## WORK ORDER:
Repeat the listing below verbatim, without its images.

## MATERIAL PROVIDED:
* * * * *
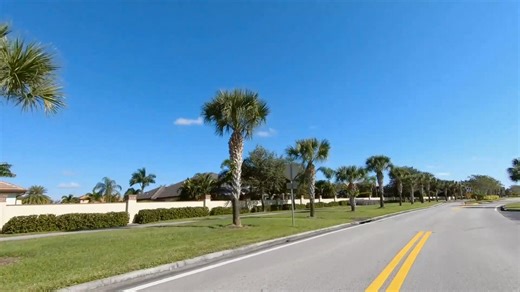 180K views · 1.3K reactions | A couple searches for a larger home for their family in Melbourne, Florida. They're looking for a house with an office and a guest room, and he wants a lot of outdoor space for their kids, but she's concerned with the upgrade and wants to stay in budget. | House Hunters | Facebook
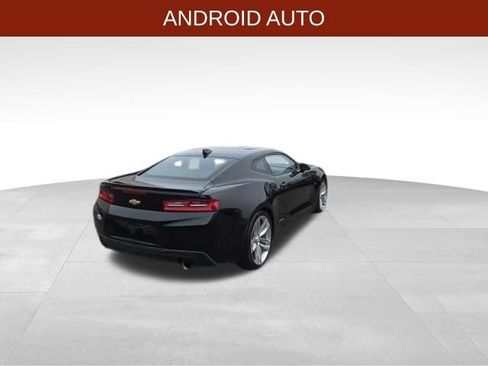 Used 2017 Chevrolet Camaro LT RWD image 6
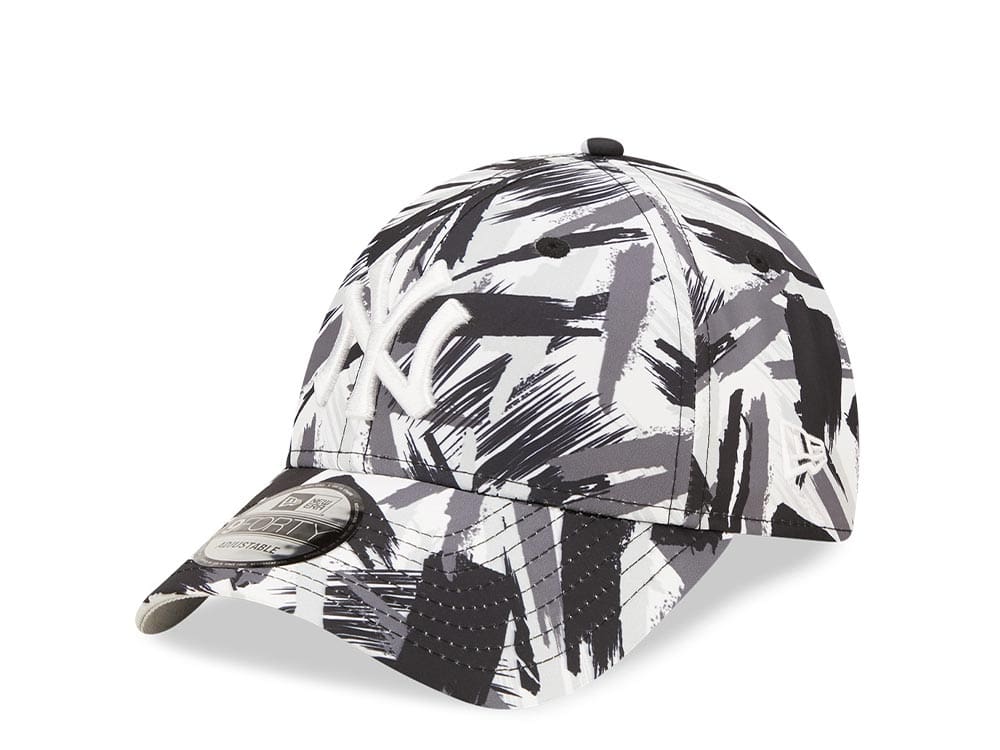 New Era New York Yankees Painted Black 9Forty Strapback Hat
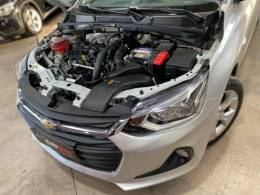 CHEVROLET - ONIX - 2023/2023 - Prata - R$ 89.990,00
* * * * *
## YOUR SOLUTION:
 180K views · 1.3K reactions | A couple searches for a larger home for their family in Melbourne, Florida. They're looking for a house with an office and a guest room, and he wants a lot of outdoor space for their kids, but she's concerned with the upgrade and wants to stay in budget. | House Hunters | Facebook
 Used 2017 Chevrolet Camaro LT RWD image 6
 New Era New York Yankees Painted Black 9Forty Strapback Hat
 CHEVROLET - ONIX - 2023/2023 - Prata - R$ 89.990,00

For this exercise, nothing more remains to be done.